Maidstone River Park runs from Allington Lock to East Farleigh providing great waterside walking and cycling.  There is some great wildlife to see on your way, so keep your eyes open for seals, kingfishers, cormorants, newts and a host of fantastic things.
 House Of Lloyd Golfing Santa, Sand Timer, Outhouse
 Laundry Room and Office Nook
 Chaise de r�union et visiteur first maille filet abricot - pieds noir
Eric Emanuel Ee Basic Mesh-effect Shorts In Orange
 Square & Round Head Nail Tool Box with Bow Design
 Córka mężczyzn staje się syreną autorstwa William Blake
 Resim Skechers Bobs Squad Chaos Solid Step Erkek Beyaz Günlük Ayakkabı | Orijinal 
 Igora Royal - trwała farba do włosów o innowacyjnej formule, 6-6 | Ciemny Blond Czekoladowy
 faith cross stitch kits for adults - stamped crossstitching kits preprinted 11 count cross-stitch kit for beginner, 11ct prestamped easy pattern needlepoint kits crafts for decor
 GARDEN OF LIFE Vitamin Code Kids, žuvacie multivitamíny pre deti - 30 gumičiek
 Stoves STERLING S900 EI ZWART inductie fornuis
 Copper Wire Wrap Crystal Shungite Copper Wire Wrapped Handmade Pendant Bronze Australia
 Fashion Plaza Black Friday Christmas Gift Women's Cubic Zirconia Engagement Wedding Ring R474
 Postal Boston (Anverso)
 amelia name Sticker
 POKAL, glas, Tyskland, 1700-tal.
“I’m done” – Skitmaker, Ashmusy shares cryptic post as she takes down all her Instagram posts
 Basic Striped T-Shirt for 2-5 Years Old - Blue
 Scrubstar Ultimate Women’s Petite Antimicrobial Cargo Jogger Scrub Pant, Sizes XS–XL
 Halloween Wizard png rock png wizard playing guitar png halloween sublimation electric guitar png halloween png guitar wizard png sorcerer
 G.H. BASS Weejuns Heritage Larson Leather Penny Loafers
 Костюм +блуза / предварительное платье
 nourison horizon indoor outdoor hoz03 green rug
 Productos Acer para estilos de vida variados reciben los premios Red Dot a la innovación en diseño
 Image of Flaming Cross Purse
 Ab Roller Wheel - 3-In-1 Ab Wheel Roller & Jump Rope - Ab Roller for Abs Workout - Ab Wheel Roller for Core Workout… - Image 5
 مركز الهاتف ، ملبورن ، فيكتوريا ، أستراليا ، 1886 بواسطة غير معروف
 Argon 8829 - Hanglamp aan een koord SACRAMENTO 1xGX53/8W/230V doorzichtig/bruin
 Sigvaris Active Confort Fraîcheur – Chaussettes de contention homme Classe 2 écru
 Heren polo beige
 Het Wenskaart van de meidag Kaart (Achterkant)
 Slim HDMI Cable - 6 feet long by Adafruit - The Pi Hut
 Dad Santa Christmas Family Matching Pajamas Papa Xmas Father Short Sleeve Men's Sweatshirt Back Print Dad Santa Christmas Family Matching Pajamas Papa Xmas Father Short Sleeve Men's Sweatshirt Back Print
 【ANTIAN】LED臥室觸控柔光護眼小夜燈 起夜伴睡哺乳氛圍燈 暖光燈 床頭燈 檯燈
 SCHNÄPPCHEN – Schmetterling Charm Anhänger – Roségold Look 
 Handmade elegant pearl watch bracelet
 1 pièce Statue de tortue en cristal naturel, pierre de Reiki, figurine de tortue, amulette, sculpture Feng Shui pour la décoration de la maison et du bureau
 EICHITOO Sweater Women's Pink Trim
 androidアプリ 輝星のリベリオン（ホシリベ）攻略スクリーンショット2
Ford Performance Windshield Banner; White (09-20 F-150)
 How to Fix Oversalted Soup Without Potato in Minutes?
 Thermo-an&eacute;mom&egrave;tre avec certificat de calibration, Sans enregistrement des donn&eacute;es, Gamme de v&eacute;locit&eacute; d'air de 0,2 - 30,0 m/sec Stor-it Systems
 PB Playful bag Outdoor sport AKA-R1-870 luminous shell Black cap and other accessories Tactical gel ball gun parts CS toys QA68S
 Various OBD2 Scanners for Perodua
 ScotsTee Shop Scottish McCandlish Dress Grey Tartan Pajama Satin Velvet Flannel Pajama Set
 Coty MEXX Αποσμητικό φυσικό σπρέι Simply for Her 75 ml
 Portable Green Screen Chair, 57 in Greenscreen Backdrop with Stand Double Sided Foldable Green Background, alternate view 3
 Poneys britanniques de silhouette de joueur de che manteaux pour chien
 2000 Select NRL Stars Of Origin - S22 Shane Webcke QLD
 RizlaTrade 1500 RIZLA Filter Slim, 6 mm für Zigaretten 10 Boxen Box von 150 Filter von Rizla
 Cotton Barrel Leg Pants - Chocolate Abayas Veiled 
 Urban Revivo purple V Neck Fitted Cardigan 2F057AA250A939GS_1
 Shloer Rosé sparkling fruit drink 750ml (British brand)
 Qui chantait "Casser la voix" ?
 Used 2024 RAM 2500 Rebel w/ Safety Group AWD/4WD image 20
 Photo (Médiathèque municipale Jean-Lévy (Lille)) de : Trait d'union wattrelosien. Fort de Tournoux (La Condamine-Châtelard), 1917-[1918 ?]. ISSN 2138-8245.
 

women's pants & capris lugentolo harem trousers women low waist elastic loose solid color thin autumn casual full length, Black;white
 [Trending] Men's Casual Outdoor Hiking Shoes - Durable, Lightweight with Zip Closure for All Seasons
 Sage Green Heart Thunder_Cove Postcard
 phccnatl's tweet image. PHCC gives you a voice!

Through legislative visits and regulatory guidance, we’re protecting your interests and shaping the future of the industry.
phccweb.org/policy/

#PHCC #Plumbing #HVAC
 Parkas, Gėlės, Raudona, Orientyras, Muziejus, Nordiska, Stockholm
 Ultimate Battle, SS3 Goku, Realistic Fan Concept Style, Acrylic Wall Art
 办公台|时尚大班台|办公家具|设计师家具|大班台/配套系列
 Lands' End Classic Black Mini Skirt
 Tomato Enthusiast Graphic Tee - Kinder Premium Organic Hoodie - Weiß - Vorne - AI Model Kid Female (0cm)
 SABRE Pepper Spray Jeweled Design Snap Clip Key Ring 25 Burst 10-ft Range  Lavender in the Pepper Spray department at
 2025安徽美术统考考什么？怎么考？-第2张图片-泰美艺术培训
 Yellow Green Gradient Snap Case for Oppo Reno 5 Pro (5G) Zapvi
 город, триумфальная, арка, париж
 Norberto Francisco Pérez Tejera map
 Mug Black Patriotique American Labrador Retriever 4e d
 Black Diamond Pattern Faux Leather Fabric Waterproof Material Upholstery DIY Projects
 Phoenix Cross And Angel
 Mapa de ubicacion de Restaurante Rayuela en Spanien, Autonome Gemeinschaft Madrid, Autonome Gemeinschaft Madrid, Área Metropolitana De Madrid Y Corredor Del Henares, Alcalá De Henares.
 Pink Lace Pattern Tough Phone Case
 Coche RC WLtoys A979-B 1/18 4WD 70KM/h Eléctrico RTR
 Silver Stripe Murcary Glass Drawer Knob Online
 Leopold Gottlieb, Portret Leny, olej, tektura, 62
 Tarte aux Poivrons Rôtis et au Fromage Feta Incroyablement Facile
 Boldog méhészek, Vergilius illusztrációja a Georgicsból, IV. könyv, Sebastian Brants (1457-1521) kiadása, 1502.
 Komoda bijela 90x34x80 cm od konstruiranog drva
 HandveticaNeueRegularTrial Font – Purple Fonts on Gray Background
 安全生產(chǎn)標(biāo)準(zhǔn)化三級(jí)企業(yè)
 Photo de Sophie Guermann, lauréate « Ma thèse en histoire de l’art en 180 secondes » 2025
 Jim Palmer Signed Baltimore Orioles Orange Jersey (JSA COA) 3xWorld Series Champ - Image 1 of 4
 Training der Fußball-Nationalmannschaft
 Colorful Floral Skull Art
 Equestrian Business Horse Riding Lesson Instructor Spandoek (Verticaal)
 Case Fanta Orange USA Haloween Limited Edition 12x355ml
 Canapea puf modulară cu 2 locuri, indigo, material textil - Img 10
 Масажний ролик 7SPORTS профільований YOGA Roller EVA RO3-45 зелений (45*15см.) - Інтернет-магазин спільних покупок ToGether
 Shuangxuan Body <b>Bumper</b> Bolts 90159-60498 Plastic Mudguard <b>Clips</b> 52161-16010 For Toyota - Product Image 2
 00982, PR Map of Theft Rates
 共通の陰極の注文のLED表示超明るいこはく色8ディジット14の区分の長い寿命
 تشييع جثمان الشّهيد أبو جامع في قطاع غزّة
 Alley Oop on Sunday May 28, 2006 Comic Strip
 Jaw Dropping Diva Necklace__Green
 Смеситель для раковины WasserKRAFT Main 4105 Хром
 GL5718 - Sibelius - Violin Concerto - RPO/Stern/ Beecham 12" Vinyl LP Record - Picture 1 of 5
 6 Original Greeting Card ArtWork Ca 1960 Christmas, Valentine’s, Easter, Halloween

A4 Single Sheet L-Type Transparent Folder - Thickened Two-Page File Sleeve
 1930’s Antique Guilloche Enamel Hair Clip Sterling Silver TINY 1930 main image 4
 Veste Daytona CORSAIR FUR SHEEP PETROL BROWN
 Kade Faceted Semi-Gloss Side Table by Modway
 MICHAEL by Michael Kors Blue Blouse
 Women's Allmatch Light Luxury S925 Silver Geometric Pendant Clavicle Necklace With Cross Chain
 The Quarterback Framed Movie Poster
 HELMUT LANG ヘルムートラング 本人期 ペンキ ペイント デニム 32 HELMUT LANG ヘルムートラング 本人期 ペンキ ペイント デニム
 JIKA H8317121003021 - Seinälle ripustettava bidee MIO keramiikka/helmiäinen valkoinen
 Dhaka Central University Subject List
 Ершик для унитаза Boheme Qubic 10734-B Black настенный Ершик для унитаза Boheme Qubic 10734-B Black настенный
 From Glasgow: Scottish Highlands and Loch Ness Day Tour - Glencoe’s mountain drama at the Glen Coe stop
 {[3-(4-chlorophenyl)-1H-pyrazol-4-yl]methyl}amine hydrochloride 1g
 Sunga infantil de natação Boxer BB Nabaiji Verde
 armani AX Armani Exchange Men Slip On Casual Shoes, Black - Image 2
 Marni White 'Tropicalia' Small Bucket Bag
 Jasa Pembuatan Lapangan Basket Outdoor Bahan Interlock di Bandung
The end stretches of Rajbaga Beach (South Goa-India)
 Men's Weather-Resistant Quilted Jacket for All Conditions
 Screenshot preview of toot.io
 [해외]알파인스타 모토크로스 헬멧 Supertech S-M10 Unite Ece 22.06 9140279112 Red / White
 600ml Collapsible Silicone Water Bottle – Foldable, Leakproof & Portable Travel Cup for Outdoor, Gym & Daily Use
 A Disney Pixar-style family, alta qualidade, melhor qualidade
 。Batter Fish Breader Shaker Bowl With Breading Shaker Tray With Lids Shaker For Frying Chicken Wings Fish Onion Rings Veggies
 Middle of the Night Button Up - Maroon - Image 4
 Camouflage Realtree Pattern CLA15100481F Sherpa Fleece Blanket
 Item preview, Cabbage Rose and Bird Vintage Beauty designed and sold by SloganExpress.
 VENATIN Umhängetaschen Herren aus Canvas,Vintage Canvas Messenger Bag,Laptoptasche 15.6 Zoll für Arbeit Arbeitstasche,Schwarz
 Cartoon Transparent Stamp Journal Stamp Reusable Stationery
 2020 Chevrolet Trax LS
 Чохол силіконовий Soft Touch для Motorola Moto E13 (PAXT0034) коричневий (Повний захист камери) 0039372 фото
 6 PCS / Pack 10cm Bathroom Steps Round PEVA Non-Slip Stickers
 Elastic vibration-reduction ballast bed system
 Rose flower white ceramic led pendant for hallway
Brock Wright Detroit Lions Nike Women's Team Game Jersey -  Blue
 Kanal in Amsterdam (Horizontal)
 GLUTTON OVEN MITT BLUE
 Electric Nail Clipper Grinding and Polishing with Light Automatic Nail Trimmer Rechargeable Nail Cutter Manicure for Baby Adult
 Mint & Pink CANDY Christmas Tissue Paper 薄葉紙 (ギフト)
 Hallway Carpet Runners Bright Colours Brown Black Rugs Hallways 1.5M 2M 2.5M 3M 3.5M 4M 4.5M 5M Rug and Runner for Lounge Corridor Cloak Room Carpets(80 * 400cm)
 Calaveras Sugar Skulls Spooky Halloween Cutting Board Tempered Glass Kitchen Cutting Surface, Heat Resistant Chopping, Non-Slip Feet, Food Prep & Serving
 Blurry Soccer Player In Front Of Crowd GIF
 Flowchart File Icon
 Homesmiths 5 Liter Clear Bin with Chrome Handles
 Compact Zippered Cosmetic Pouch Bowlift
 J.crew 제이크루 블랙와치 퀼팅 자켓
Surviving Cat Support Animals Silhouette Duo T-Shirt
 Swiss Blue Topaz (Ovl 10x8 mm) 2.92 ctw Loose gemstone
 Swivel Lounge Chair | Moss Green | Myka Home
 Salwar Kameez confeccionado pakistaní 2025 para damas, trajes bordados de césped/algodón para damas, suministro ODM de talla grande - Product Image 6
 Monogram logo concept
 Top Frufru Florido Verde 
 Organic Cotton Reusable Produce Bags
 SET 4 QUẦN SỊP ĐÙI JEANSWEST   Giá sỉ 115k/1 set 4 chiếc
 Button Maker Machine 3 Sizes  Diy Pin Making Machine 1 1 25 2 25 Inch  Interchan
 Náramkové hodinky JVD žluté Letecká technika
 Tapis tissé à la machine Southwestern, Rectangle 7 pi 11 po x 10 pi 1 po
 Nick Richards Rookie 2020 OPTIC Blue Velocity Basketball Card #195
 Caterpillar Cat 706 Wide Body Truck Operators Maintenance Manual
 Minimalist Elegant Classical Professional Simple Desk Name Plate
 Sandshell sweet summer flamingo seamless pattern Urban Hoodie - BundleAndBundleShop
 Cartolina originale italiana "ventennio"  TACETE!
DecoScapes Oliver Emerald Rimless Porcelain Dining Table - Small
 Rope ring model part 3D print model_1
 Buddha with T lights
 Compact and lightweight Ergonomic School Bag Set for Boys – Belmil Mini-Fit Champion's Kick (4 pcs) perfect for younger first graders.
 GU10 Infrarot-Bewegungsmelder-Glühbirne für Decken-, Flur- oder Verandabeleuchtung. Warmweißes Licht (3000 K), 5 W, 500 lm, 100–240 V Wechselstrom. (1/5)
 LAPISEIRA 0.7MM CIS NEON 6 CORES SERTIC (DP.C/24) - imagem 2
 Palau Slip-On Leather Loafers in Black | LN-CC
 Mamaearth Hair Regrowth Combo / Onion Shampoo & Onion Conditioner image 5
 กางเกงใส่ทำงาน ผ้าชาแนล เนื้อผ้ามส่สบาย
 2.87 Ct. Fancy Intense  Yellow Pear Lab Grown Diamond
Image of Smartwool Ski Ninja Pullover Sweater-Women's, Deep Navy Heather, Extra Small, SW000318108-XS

## [TASK TO CARRY OUT]
Go through the records from the first line and copy each one exactly, ending after the line that contains "Chaise de r�union". Give nothing else.

## [ANSWER BELOW]
Maidstone River Park runs from Allington Lock to East Farleigh providing great waterside walking and cycling.  There is some great wildlife to see on your way, so keep your eyes open for seals, kingfishers, cormorants, newts and a host of fantastic things.
 House Of Lloyd Golfing Santa, Sand Timer, Outhouse
 Laundry Room and Office Nook
 Chaise de r�union et visiteur first maille filet abricot - pieds noir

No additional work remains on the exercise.